Je suis bien content de lire votre texte, Simon. J’écoutais ce matin sur RadioX (eh oui, il faut sans cesse affûter son sens critique !) les commentaires sur ce film, que je n’ai pas vu encore, et ils étaient d’un tout autre ordre. Vous vous en doutez bien. En effet, eux, tentent de niveler les différences Québec /Alberta (leur grand chum devant l’éternel…) et c’est le seul axe qu’ils abordent puisque l’Alberta c’est la province modèle (celle qui a l’oseille). Or, je n’ai aucun doute que le ROC regroupe une multitude de visions et de cultures qui ne peuvent se délaver devant les habits bleu poudre de notre cher M. Harper, ou sous une langue commune.
L’altérité oblige à reconnaître la différence, de la respecter, et même de la cultiver car c’est ce qui fait la force des liens et des rapports. C’est à ce degré de maturité que le Québec est convié plus que jamais, et le ROC aussi. C’est en quelque sorte, je pense, le début de l’âge adulte. Et ça n’exclue aucune option.
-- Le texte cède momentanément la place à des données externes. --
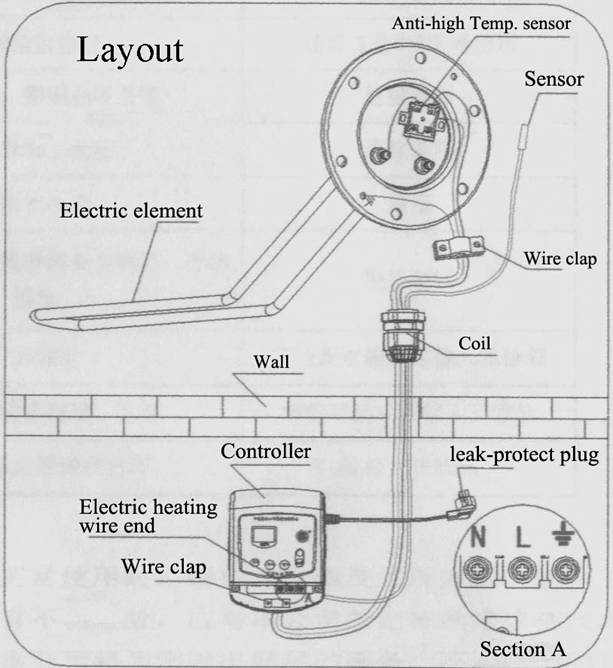 Installing micro controller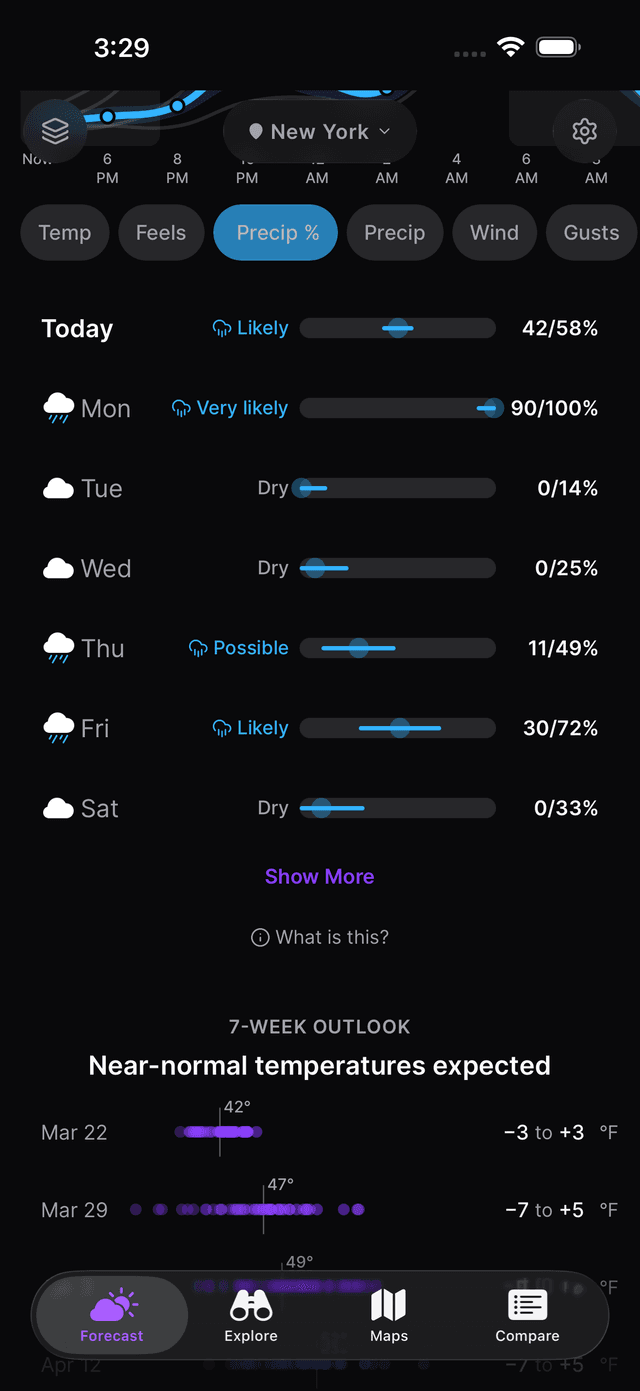Precipitation probability metric showing confidence levels on 7-day forecast with hourly chart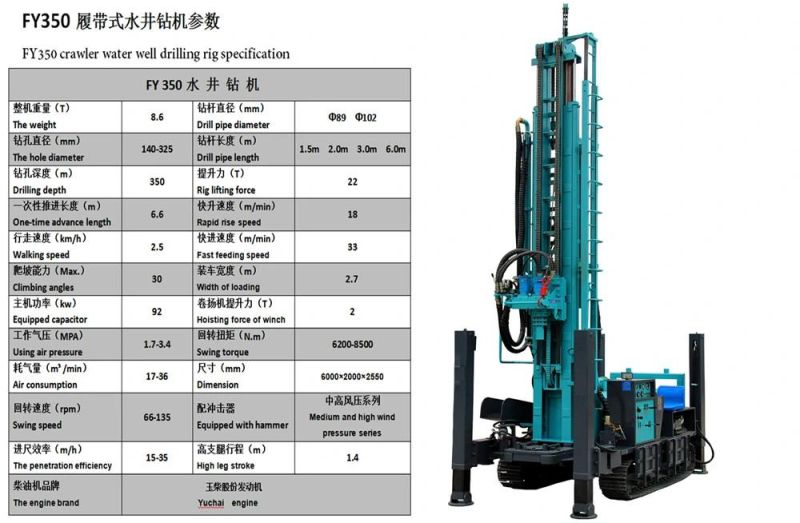 300 Meters Deep Hydraulic Mud Pump 3 Point Drill Bit Water Well Drilling Rig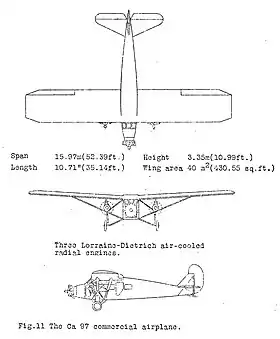 vue en plan de l’avion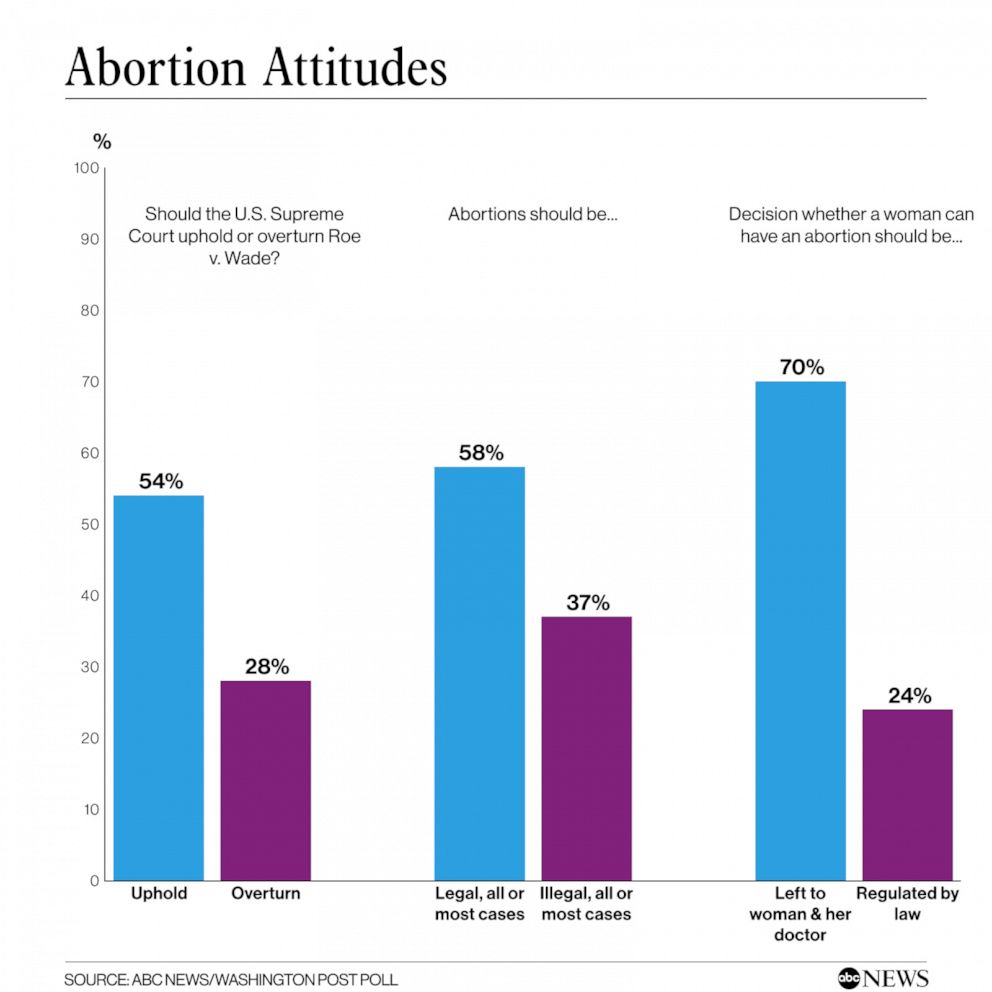PHOTO: Abortion Attitudes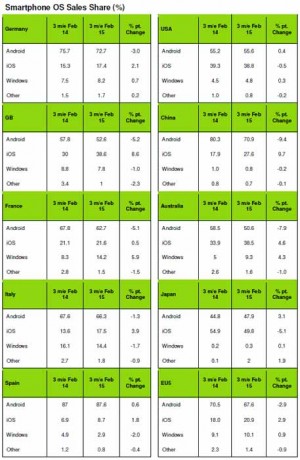 Windows-Phone-part-marche-France-Kantar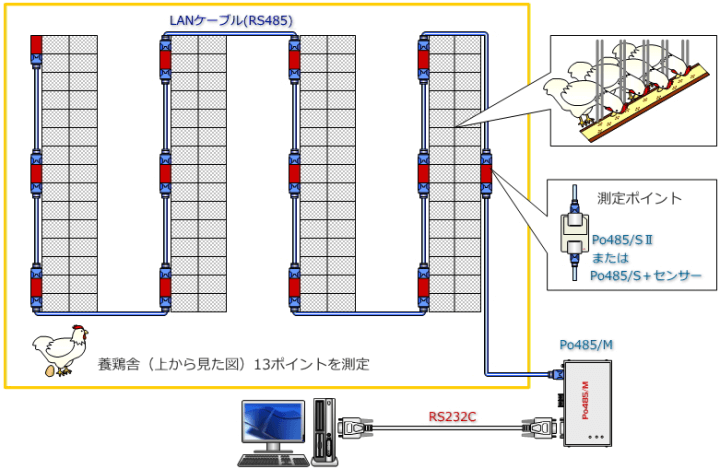 養鶏舎設置例図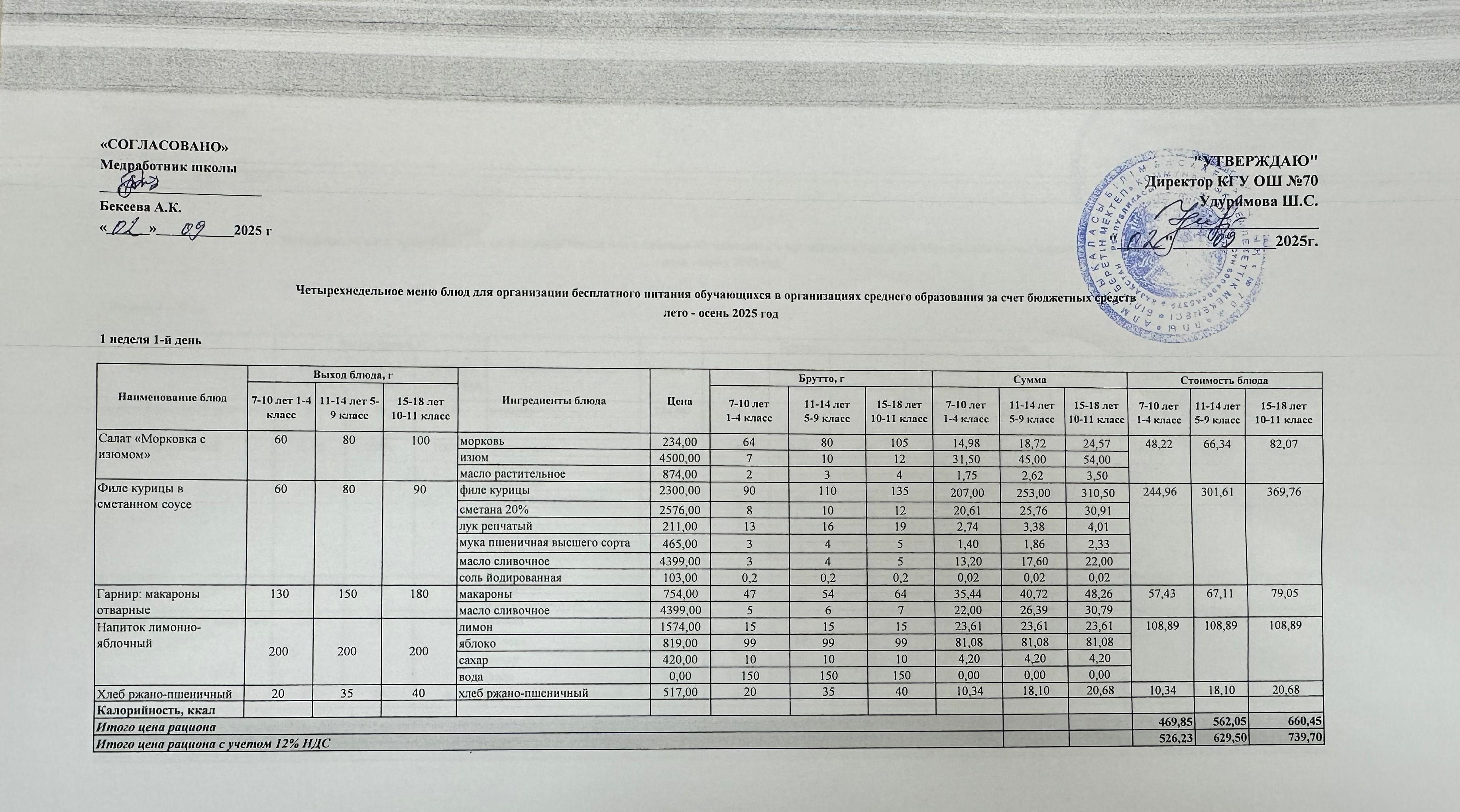 ТӨРТ АПТАЛЫҚ АС МӘЗІРІ (ЖАЗ-КҮЗ 2025) 1 АПТА, 1 КҮН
Parce qu’il n’y a pas de « différences » au Québec?
Allez voir les résultats de la dernière élection provinciale (et même fédérale) pour vous ouvrir les yeux.
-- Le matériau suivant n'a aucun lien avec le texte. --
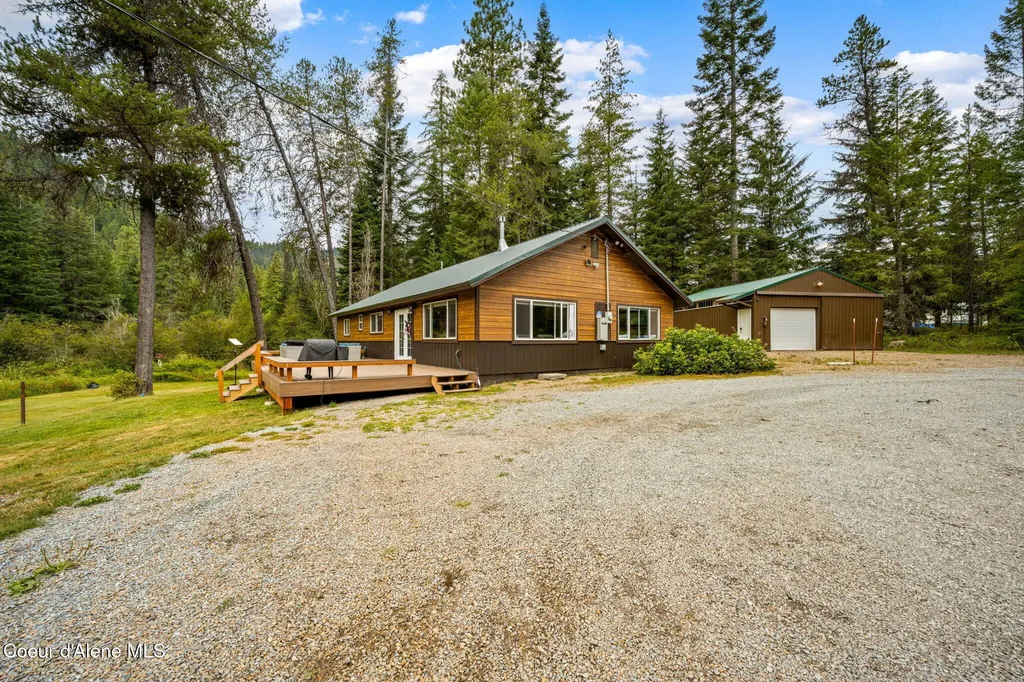 215 Gordon Drive Priest Lake ID 83856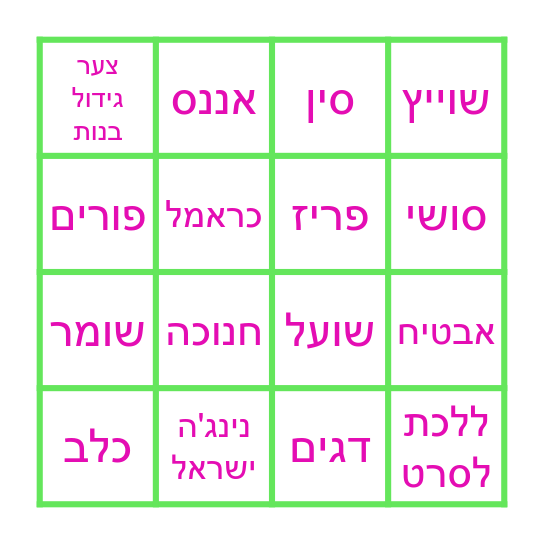 יום הולדת למיקה, עידו ויובל Bingo Card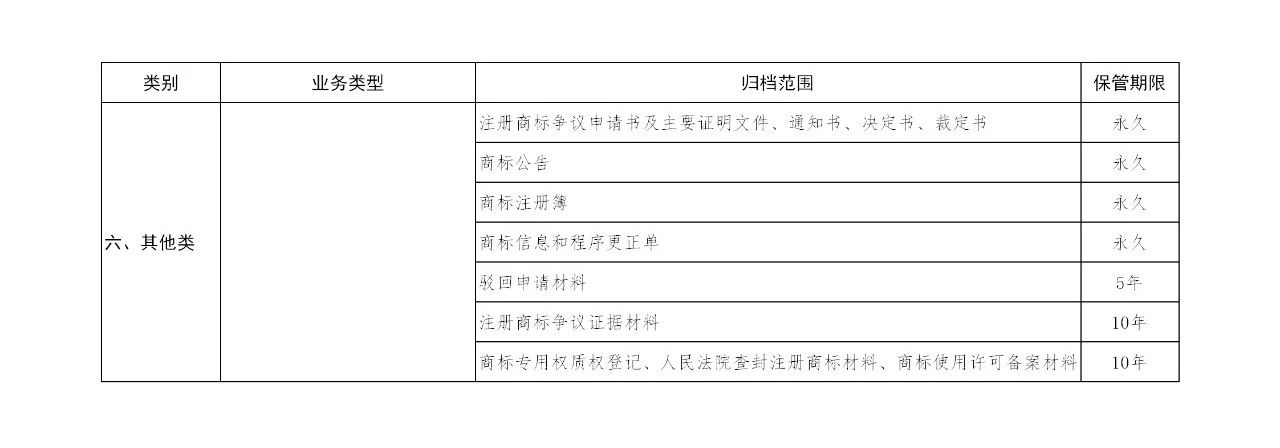 国知局：《商标注册档案管理办法》全文公布！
LE Québec n’existe pas. Il y a une multitude de Québecs différents autant dans leurs idéologies que dans leurs valeurs profondes.
Le Québec n’est pas plus monolithique que les autres peuples.
François, où as-tu vu ça dans mon texte qu’il n’y a pas de différences au Québec ?
À quand un film sur les « États-Désunis » du Québec?
Une province canadienne où un gouvernement élu par seulement 32% (mais ça baisse depuis!) de la population à l’aide de promesses bassement électoralistes impose maintenant sa vision sectaire à tout le reste de la population tout en reniant allègrement les dites promeses?
« 32% »
Avec plus que deux partis qui se présentent aux élections, il ne faut pas s’attendre à un gouvernement élu à plus de 50 % des votes. Si c’est ça que tu veux, François, ben il faut retourner au modèle bipartisme britannique. Vote pour la Reine…
« vision sectaire »
Et puis, tant que le parti au pouvoir n’endossera pas — ton— idéologie, tu persisteras à le taxer de sectaire.
« reniant allègrement les dites promeses? »
Il faut aussi que tu considères qu’un parti minoritaire doit négocier avec les partis d’opposition, il ne peut donc remplir totalement ses promesses électorales. C’est vrai pour tous les partis minoritaires. Et c’est très bien ainsi car un parti élu, même majoritairement, doit tenir compte de l’ensemble des électeurs, représenté par la répartition des votes dont les partis d’opposition sont les représentants.
C’est pas facile la démocratie, ça nous confronte à des idées différentes. C’est toute la différence avec le totalitarisme.
« …un gouvernement (qui) impose maintenant sa vision sectaire à tout le reste de la population… »
si la vision du pq t’était imposée, tu ne serais pas ici à la railler françois.
de plus, peux-tu donner des exemples de ce qui selon toi rend la vision du pq « sectaire » françois?
des exemples de « promesses bassement électoralistes » seraient aussi nécessaires à la compréhension de ton point de vue pas bon françois.
tu prétends que l’appui au pq a baissé depuis les élections. tu tiens ça d’où françois?